Jan 17, 2003 | Sam and I are going through hormonal transformations together, and the house gets crowded. There is Sam at 13 -- usually mellow, funny, slightly nuts. But when the plates suddenly shift, there is The Visitor, the Other. I call him Phil. Phil is a little tense. Also, sullen and contemptuous. There is me at 48 -- usually mellow, funny, and slightly nuts; and there is the Menopausal Death Crone.
Some days are great, because Sam and I at these ages are both wild and hilarious and utterly full of our best stuff; but other days, when Phil and the Death Crone drop by, are awful. We snigger impatiently, and we sigh, grip our foreheads, and we fight. Mostly we fight about homework and church, neither of which work for him -- but by the same token, neither does flossing. It's hard for him to sit still for school and church when he'd rather be playing, or on the computer, and I hate to make him, because I want him to be happy, and to find an authentic spirituality; but mostly I hate to make him because his resistance pollutes my home and my worship.
The usual things help: a little distance, prayer, chocolate. Talking to the parents of older kids is helpful, because parents of kids the same age won't admit how horrible their children are. There's a great book on adolescence that I can turn to, called "Get Out Of My Life, But First Could You Drive Me and Cheryl To the Mall," by Anthony Wolf. I tape things to the wall that give me some light to see by: One pink card says, Breathe, Pray, Be Kind, Stop Grabbing. One says something I heard recently, that you can either practice being right, or practice being kind. Screaming in the car helps.
But what helps most of all is walking. I have been going up on the mountain to walk and be quiet and pray nearly every morning for two years now. I started to do this because I had always heard that this is what Jesus did, although my priest friend Tom has recently corrected me. He said we are not sure if this is actually what Jesus did. He said they had to explain his going away by saying he was going up to the mountain to pray, but for all we know, he went off and had a few beers. Then he may have gone bowling, slinging the ball bitterly down the alley until he felt better.
"What would he have done with 13-year-olds?" I asked.
"In Bible times, they used to stone a few 13-year-olds with some regularity, which helped keep the others quiet and at home. The mothers were usually in the first row of stone throwers, and had to be restrained."
I wrote this down and taped it to my wall, next to the pink card. Every parent who saw it laughed and felt better; nothing helps like letting your ugly, common secrets out. And it came in handy during a recent fight.

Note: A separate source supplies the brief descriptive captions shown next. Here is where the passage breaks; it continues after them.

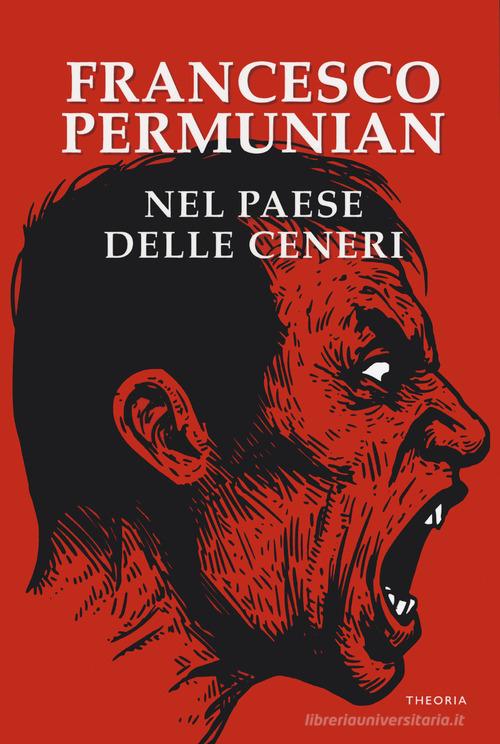 Nel paese delle ceneri di Francesco Permunian edito da Edizioni Theoria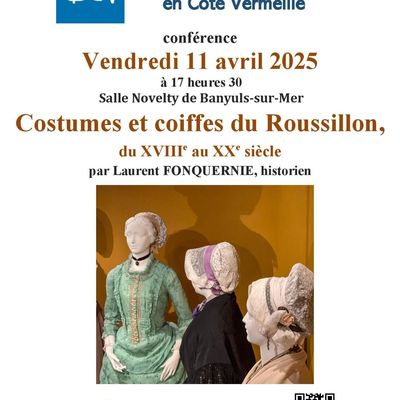 Conférence du vendredi 11 avril 2025 : Costumes et coiffes du Roussillon  Du XVIIe au XXe siècle  par Laurent Fonquernie, historien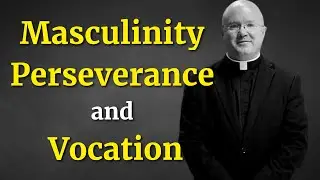Мужественность, настойчивость и призвание с отцом Роджером Лэндри | The Catholic Gentleman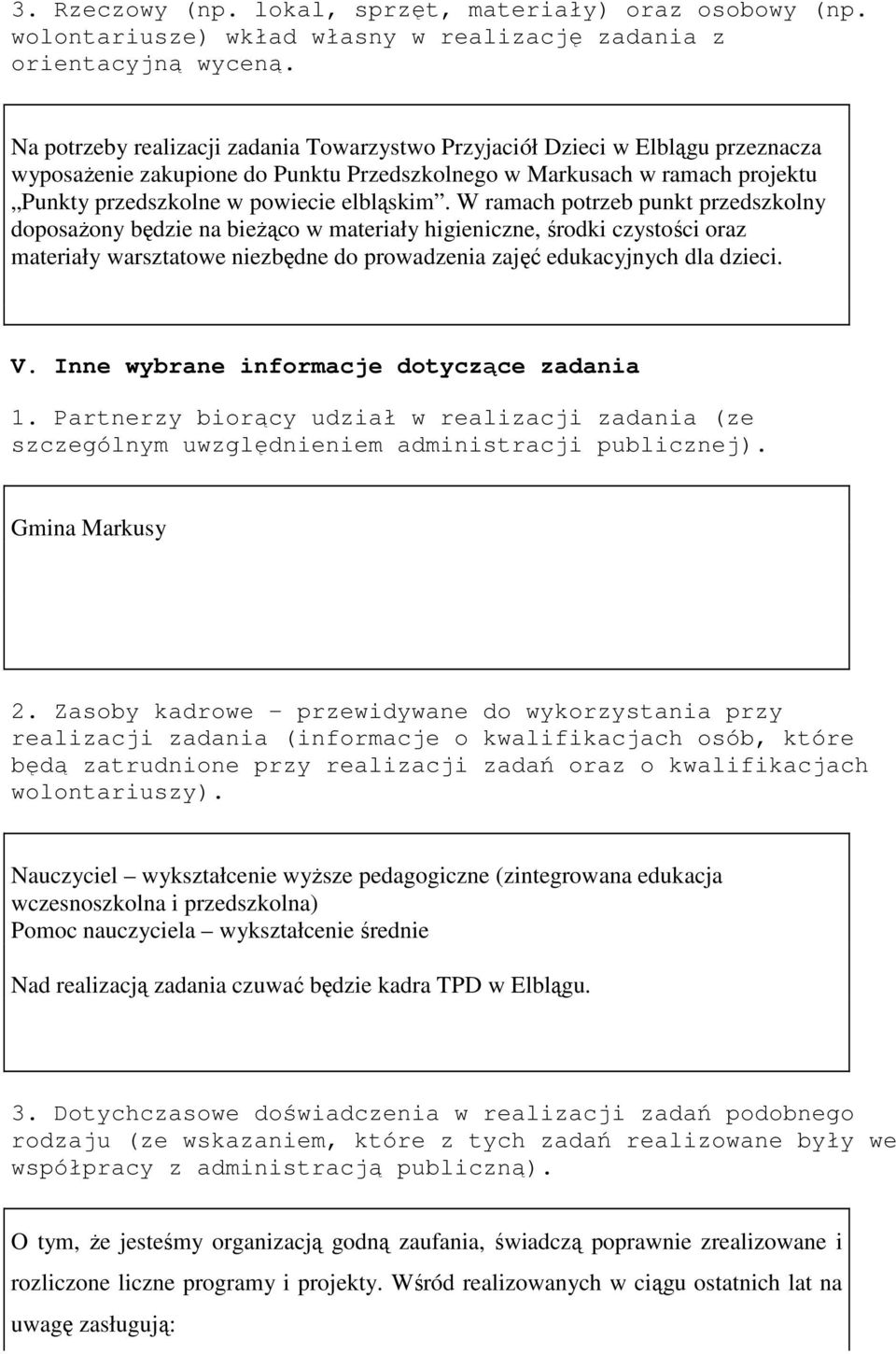 W ramach potrzeb punkt przedszkolny doposaŝony będzie na bieŝąco w materiały higieniczne, środki czystości oraz materiały warsztatowe niezbędne do prowadzenia zajęć edukacyjnych dla dzieci. V.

That Saturday, I was driving Sam to his friend Anthony's house, where he was going to spend the night. I would pick him up for church at 10:30 the next morning. He was furious about having to go to church, although he only has to go every other week. We had had the Visitor, Phil, with us all morning, petulant and put-upon -- what we used to call "bratty" when I was young. For instance, when I'd asked him to wash his breakfast dishes, you'd have thought I'd ordered him to give the kitty a flea dip. When I'd asked him to take out the garbage, it might have been the bodies of his dead comrades.
I didn't try to get him to want to come to church; I didn't try to bribe him, or get him to like it -- or me. I am not here to be his friend. He was awful in the car, mute and victimized. What a horrible life -- Yugoslavia, under Milosevic.